Would you write out all the records again, exactly?

Web page caption snippets
================

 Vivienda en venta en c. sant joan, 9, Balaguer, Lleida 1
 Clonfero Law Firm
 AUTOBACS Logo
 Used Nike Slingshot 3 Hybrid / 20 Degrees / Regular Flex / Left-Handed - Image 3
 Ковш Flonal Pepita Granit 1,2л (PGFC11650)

================

§ **SOLUTION**:
 Vivienda en venta en c. sant joan, 9, Balaguer, Lleida 1
 Clonfero Law Firm
 AUTOBACS Logo
 Used Nike Slingshot 3 Hybrid / 20 Degrees / Regular Flex / Left-Handed - Image 3
 Ковш Flonal Pepita Granit 1,2л (PGFC11650)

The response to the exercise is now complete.